Pornography is banned in China, though the government's Internet police struggle to block Web sites based abroad.
The government announcement said Google and Baidu, China's two most heavily used search engines, had failed to take "efficient" measures after receiving notices from the country's Internet watchdog that they were providing links to pornographic material.
The statement also named popular Web portals Sina and Sohu, as well as a number of video sharing sites and online bulletin boards, that it said contain problematic photos, blogs and postings.
The statement, which was posted to a news and information Web site managed by the State Council, said violators will be severely punished, but did not give details or say how long the campaign will last.

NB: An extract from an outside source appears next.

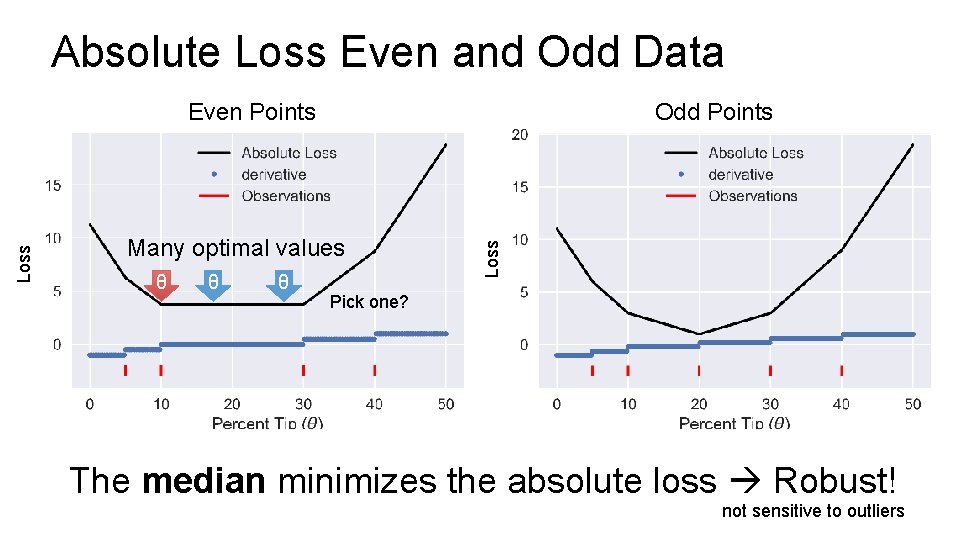 Absolute Loss Even and Odd Data Odd Points Many optimal values θ θ θ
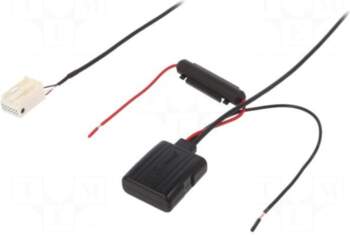 BLUEBIRD Bluetooth adapter | Quadlock 12pin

A Google spokeswoman in China, Cui Jin, defended the site's operations, saying it is a search engine and does not generate any pornographic content. The company obeys Chinese law, she said.
"If we find any violation, we will take action. So far, I haven't seen any examples of violations," Cui said.
Baidu did not immediately return an e-mail seeking comment, and phones at Sina and Sohu rang unanswered.
China has the world's largest population of Internet users with more than 250 million. The central government has blocked access to many Web sites it considers subversive or too political, including The New York Times' Web site on Dec. 19. It was unblocked a couple days later and remained open Monday.
Beijing loosened some media and Internet controls during the 2008 Summer Olympics - gestures that were meant to show the international community that the games had brought greater freedom to the Chinese people. During the August games, China allowed access to long-barred Web sites such as those of the British Broadcasting Corp. and Human Rights Watch. Those Web sites remained open Monday.
In the past the Foreign Ministry has defended China's right to censor Web sites that have material deemed illegal by the government, saying that other countries regulate Internet usage, too.